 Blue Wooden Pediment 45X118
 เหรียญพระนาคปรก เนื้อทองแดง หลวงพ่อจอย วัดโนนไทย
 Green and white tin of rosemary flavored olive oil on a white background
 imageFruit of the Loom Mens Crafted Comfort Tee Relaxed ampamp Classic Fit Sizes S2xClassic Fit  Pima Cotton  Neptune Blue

○ ○ ○

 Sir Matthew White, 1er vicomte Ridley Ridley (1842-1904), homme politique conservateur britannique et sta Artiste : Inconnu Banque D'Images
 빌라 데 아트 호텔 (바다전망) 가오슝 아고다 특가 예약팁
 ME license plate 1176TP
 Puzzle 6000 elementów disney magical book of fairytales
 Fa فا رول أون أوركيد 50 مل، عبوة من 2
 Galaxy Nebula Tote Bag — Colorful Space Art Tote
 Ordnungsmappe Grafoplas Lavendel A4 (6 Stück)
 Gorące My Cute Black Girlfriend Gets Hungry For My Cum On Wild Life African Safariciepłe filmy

○ ○ ○

> [Directions for this task]
There is a line with "Blue Wooden Pediment 45X118" and a line with "imageFruit of the" above. Copy exactly those two lines and all lines between them, with nothing else.

> [Answer space]
 Blue Wooden Pediment 45X118
 เหรียญพระนาคปรก เนื้อทองแดง หลวงพ่อจอย วัดโนนไทย
 Green and white tin of rosemary flavored olive oil on a white background
 imageFruit of the Loom Mens Crafted Comfort Tee Relaxed ampamp Classic Fit Sizes S2xClassic Fit  Pima Cotton  Neptune Blue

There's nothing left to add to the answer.